## TASK DETAILS
Retype exactly what runs from the first line of the data to the line with "Hello. In this", keeping both of those lines and skipping pictures.
☆ ☆ ☆ ☆ ☆ ☆ ☆
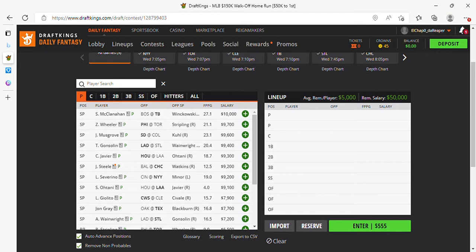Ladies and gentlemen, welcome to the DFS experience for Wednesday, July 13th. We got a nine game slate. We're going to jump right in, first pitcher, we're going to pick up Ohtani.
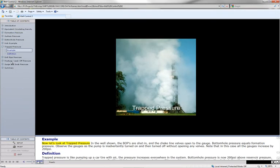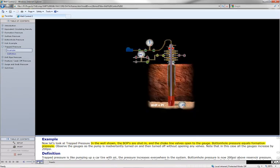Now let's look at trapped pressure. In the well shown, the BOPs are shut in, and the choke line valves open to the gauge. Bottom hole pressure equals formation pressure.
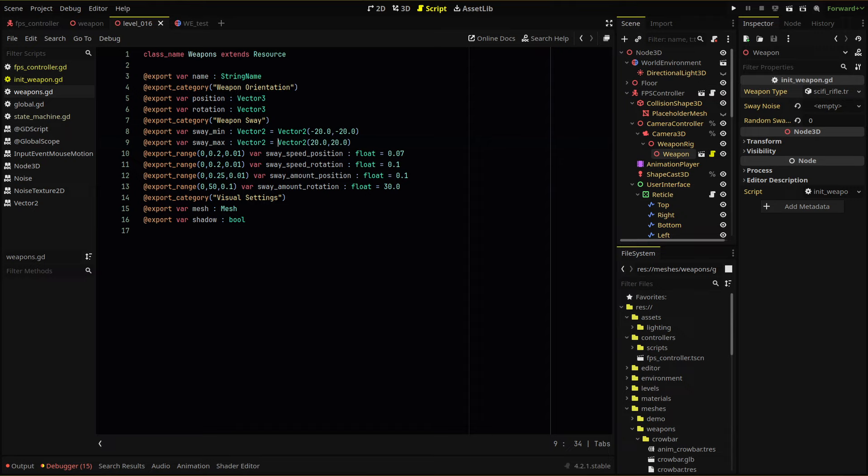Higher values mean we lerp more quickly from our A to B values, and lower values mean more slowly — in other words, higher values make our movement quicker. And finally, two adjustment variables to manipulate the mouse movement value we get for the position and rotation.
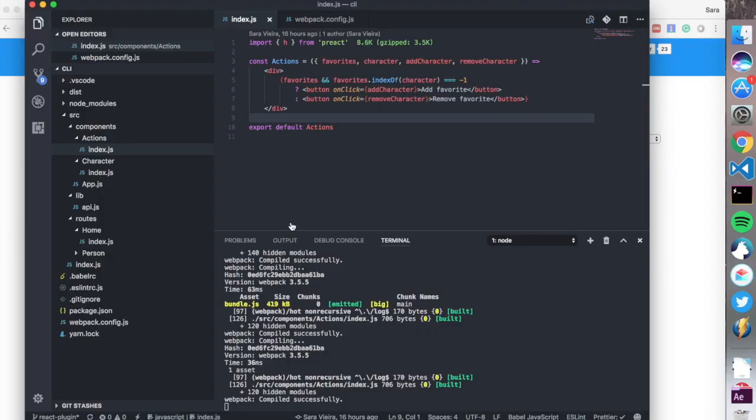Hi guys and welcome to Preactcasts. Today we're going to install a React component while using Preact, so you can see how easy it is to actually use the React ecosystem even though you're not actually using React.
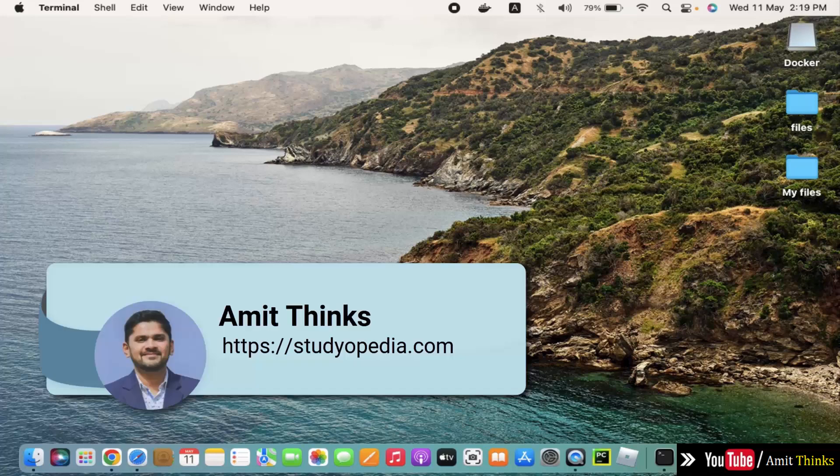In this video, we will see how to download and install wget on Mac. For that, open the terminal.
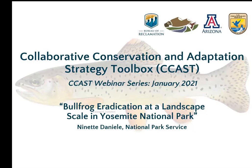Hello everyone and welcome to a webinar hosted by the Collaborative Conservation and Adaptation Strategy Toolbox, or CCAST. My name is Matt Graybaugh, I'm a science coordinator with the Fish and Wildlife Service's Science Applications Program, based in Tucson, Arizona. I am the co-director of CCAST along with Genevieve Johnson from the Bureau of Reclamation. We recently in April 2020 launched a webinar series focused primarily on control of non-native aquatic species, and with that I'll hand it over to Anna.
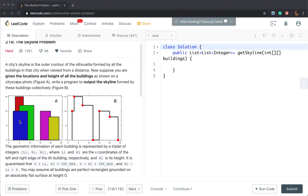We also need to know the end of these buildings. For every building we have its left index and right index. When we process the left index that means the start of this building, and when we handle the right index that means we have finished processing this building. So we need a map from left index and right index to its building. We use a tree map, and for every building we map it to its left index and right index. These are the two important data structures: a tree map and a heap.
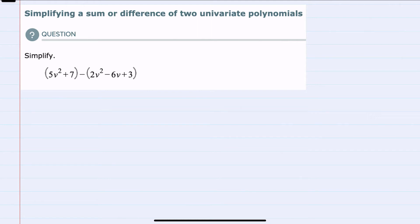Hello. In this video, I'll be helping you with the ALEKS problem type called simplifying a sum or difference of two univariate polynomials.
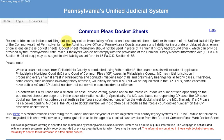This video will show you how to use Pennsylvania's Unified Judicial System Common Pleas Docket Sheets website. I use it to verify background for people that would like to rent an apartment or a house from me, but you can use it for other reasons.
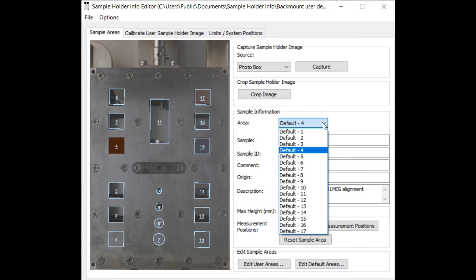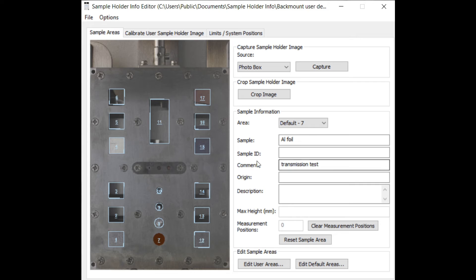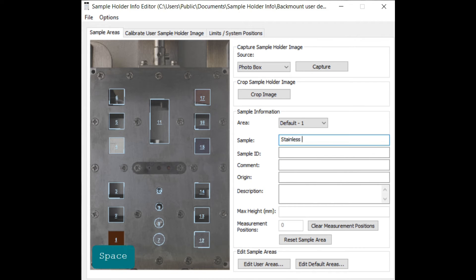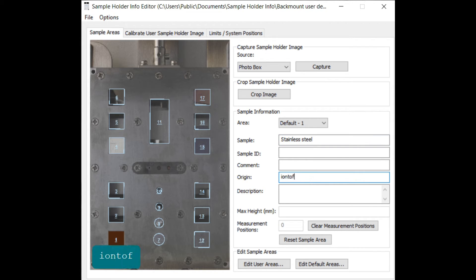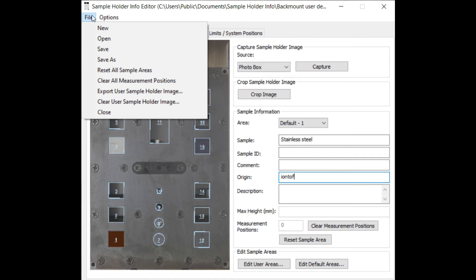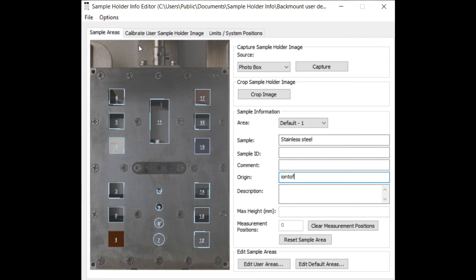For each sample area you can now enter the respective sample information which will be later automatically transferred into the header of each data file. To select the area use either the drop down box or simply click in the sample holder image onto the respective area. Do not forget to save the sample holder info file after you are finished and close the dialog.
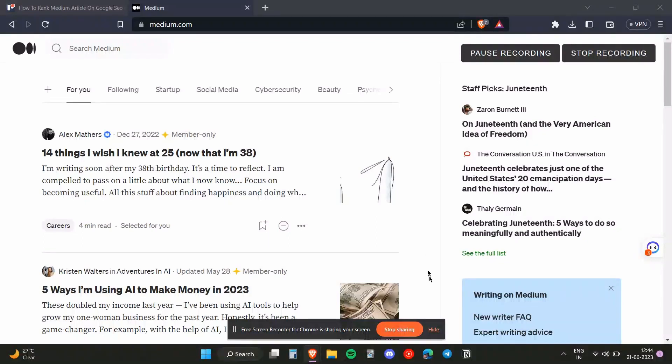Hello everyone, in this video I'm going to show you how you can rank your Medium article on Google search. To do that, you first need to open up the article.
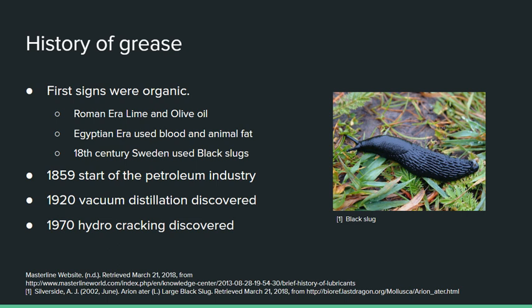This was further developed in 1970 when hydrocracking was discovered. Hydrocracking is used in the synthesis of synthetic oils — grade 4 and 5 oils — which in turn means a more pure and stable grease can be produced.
☆ ☆ ☆ ☆ ☆ ☆ ☆
## RESULT
Ladies and gentlemen, welcome to the DFS experience for Wednesday, July 13th. We got a nine game slate. We're going to jump right in, first pitcher, we're going to pick up Ohtani.
Now let's look at trapped pressure. In the well shown, the BOPs are shut in, and the choke line valves open to the gauge. Bottom hole pressure equals formation pressure.
Higher values mean we lerp more quickly from our A to B values, and lower values mean more slowly — in other words, higher values make our movement quicker. And finally, two adjustment variables to manipulate the mouse movement value we get for the position and rotation.
Hi guys and welcome to Preactcasts. Today we're going to install a React component while using Preact, so you can see how easy it is to actually use the React ecosystem even though you're not actually using React.
In this video, we will see how to download and install wget on Mac. For that, open the terminal.
Hello everyone and welcome to a webinar hosted by the Collaborative Conservation and Adaptation Strategy Toolbox, or CCAST. My name is Matt Graybaugh, I'm a science coordinator with the Fish and Wildlife Service's Science Applications Program, based in Tucson, Arizona. I am the co-director of CCAST along with Genevieve Johnson from the Bureau of Reclamation. We recently in April 2020 launched a webinar series focused primarily on control of non-native aquatic species, and with that I'll hand it over to Anna.
We also need to know the end of these buildings. For every building we have its left index and right index. When we process the left index that means the start of this building, and when we handle the right index that means we have finished processing this building. So we need a map from left index and right index to its building. We use a tree map, and for every building we map it to its left index and right index. These are the two important data structures: a tree map and a heap.
Hello. In this video, I'll be helping you with the ALEKS problem type called simplifying a sum or difference of two univariate polynomials.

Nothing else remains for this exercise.